Or perhaps it is you that should "do some research" - you may find out the Quarterhorse of today, after the introduction of other breeds, including Mustangs, is nothing like the Quarterhorse in "Colonial Virginia". Of course, neither is the Thoroughbred. While I have nothing against Appendix Quarterhorses - I like them actually, crossing today's Quarterhorse with today's Thoroughbred is nothing like crossing them with "Colonial Virginia's" Quarterhorse of the time. Both breeds were much, much, different back then...


----------



## GotaDunQH (Feb 13, 2011)

Faceman said:


> Do some research?...:rofl:
> 
> For crying out loud - do you think I, or anyone that can spell h.o.r.s.e. doesn't know that? Did you even read my post, or just the CliffsNotes version - it wasn't very long, you know.
> 
> ...


LOL...tell that to the last several Presidents of AQHA who's roots are in AQHA racing.


----------



## DraftXDressage (Aug 29, 2011)

dbarabians said:


> First off I am not arguing with anyone.
> The standard of the breed is the foundation QH and has been for decades.


I don't agree with this at all. The very die hard foundation breeders are a niche within the breed as a whole, just as halter horses, HUS horses, and reiners are niches. Just because the word "foundation" seems to lend some gravitas to that particular niche does not make them the standard for the modern quarter horse.


----------



## Faceman (Nov 29, 2007)

GoAppendix said:


> I have nothing to do with racing, so it isn't my circle at all. I show AQHA. I also have nothing to do with cow horses.
> 
> And no, I really don't care if the general population is uninformed on the history of the breed. That doesn't make the racing origins magically go away.


The history of the breed is not relevant to its image. A dachshund was bred to hunt badgers - hardly its image today.

If you want to insist on tieing the breed to its origin, why are you stopping with the Thoroughbred? Thoroughbreds arose from Turks and Arabs, so therefore Quarterhorses did also, right? Is a Quarterhorse's image one of endurance? Hardly.

I'm not sure why you seem to think everyone but you is "uninformed". Of the thousands of horse folks I interact with, I don't know of a single one above the age of 25 that doesn't know Quarterhorses were developed as sprint horses - power via a high concentration and high mass of fast twitch muscle is the very essence of the purpose of the breed. But for every Quarterhorse that harnesses that power for sprint racing, there are hundreds that harness it for barrels, calf roping, and a host of other performance disciplines. It is no surprise that the image of Quarterhorses is NOT as a race horse, as the majority of them are used for something else altogether...


----------



## GoAppendix (Mar 22, 2012)

Seriously, I don't even understand why you are arguing this. I simply was saying the breed had racing origins and related that to the reason for the TB outcross, which has always been a part of the breed. What is your point?

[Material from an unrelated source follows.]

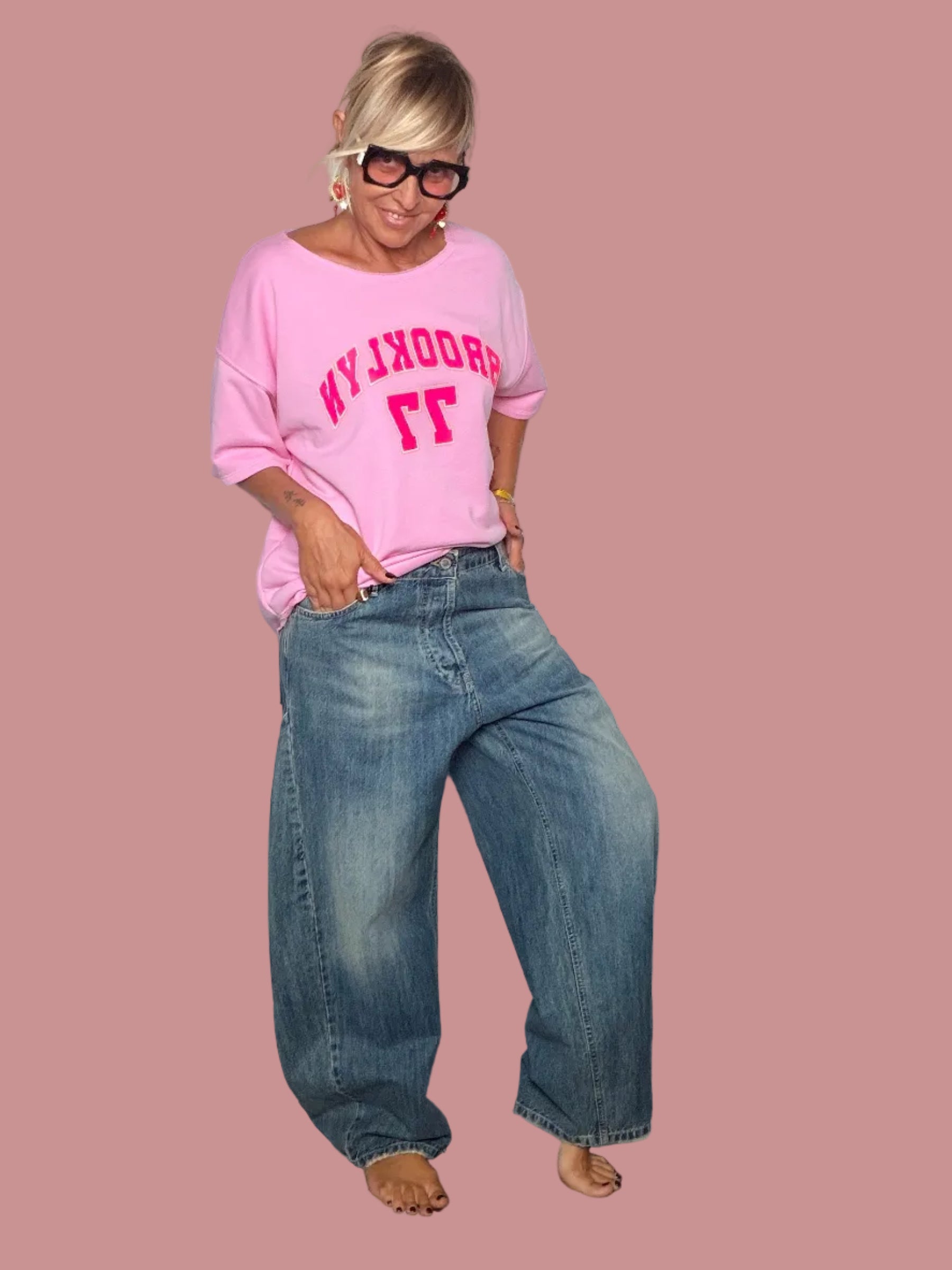 Jeans Vintage Wide Leg Effetto Vissuto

And if you don't understand it was a racing breed, yes, you are uninformed. I don't think I am the only one to be informed, nor did I ever state that, so I would appreciate you not implying that. Try to use a better argument. 

But hey, if you just want to go with popular opinion, a large number of people also think ponies are baby horses. Should we just run with that?


----------



## dbarabians (May 21, 2011)

Faceman you I , and most people understand that the modern QH was developed ranches to work cattle. The King Ranch 6666, WT Waggonner Estate etc are the founders of the breed.
They are also raced for short distances.
\or the record I do not breed foundation QHs and I do think that infusing TB into the QH has developed a more refined and versatile horse.
Thats good.
QHs are STOCK horses along with APHA and ApHC.
Go Appendix your need to argue and for validation is something I suggest you work on. Your opinion does not change the facts. Shalom


----------



## Copperhead (Jun 27, 2012)

Faceman said:


> The history of the breed is not relevant to its image. A dachshund was bred to hunt badgers - hardly its image today.
> 
> If you want to insist on tieing the breed to its origin, why are you stopping with the Thoroughbred? Thoroughbreds arose from Turks and Arabs, so therefore Quarterhorses did also, right? Is a Quarterhorse's image one of endurance? Hardly.
> 
> I'm not sure why you seem to think everyone but you is "uninformed". Of the thousands of horse folks I interact with, I don't know of a single one above the age of 25 that doesn't know Quarterhorses were developed as sprint horses - power via a high concentration and high mass of fast twitch muscle is the very essence of the purpose of the breed. But for every Quarterhorse that harnesses that power for sprint racing, there are hundreds that harness it for barrels, calf roping, and a host of other performance disciplines. It is no surprise that the image of Quarterhorses is NOT as a race horse, as the majority of them are used for something else altogether...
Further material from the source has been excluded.